Working from the data below, write out exactly the lines from its first through the line that contains "spare room with", both ends included and pictures omitted.

**The data**.
++++++++++++++++++++
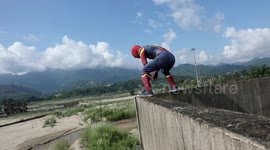 Dressed as Spiderman,this 22 year old stuntman entertains the local crowd with his Unique Parkour skills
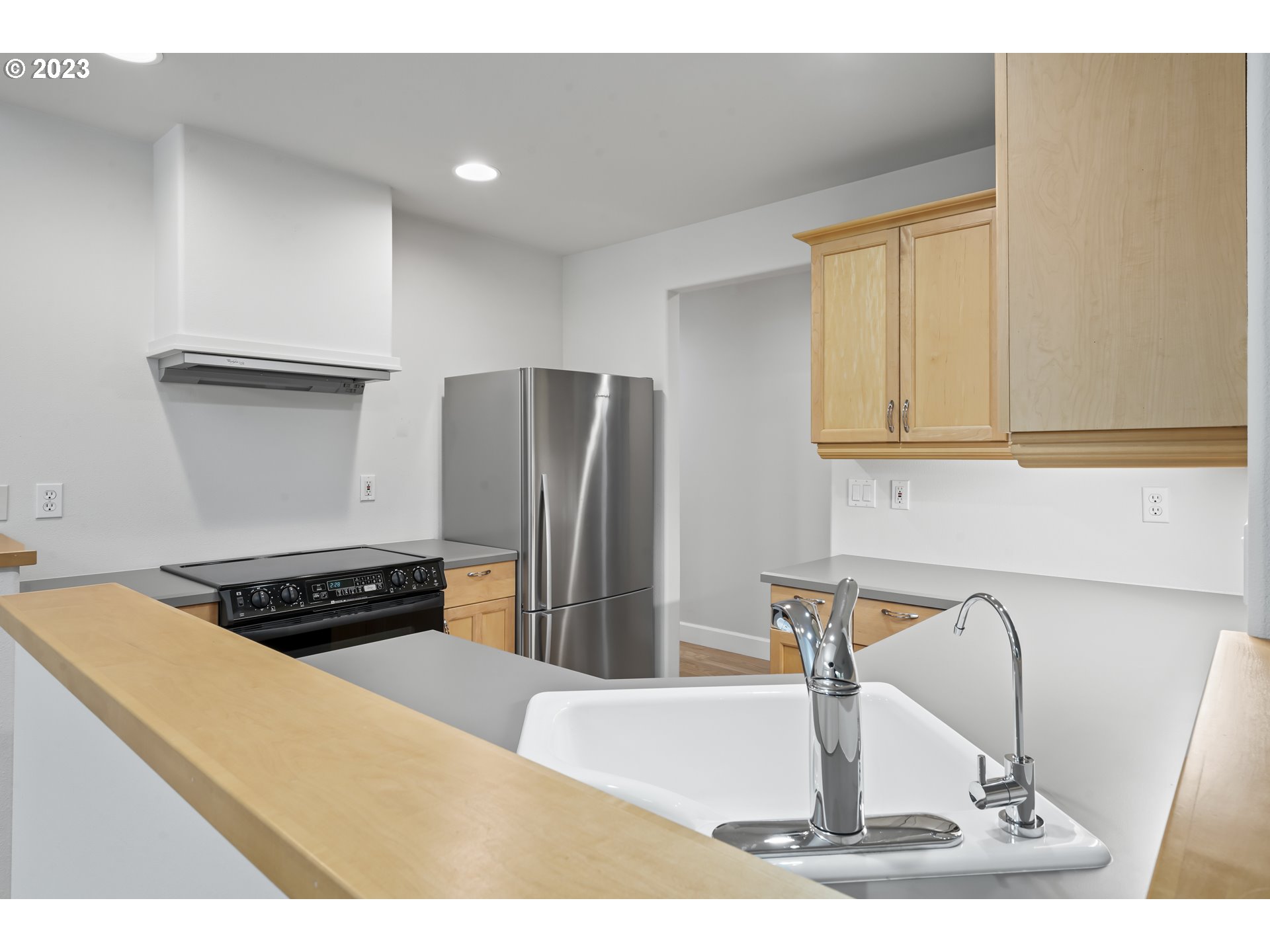 4 Waterford Downs Florence, OR 97439 - Photo 16 of 41 a kitchen with a refrigerator and a sink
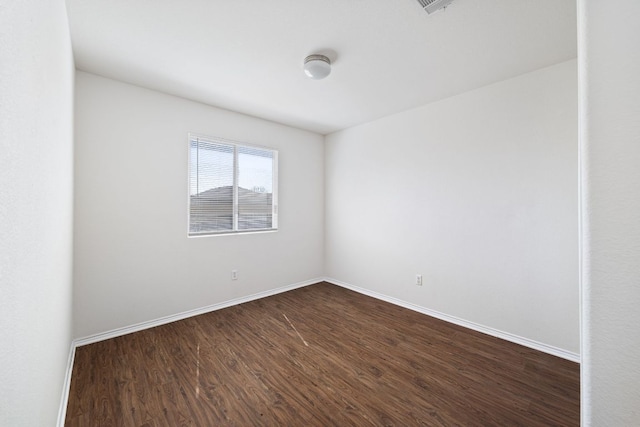 spare room with baseboards and dark wood-style floors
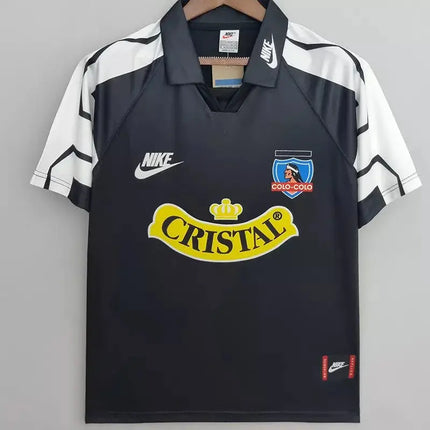 Maglia retro colo-colo trasferta 1995 96 nera con pannelli geometrici e logo cristall giallo sul petto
++++++++++++++++++++
**Solution below**.
 Dressed as Spiderman,this 22 year old stuntman entertains the local crowd with his Unique Parkour skills
 4 Waterford Downs Florence, OR 97439 - Photo 16 of 41 a kitchen with a refrigerator and a sink
 spare room with baseboards and dark wood-style floors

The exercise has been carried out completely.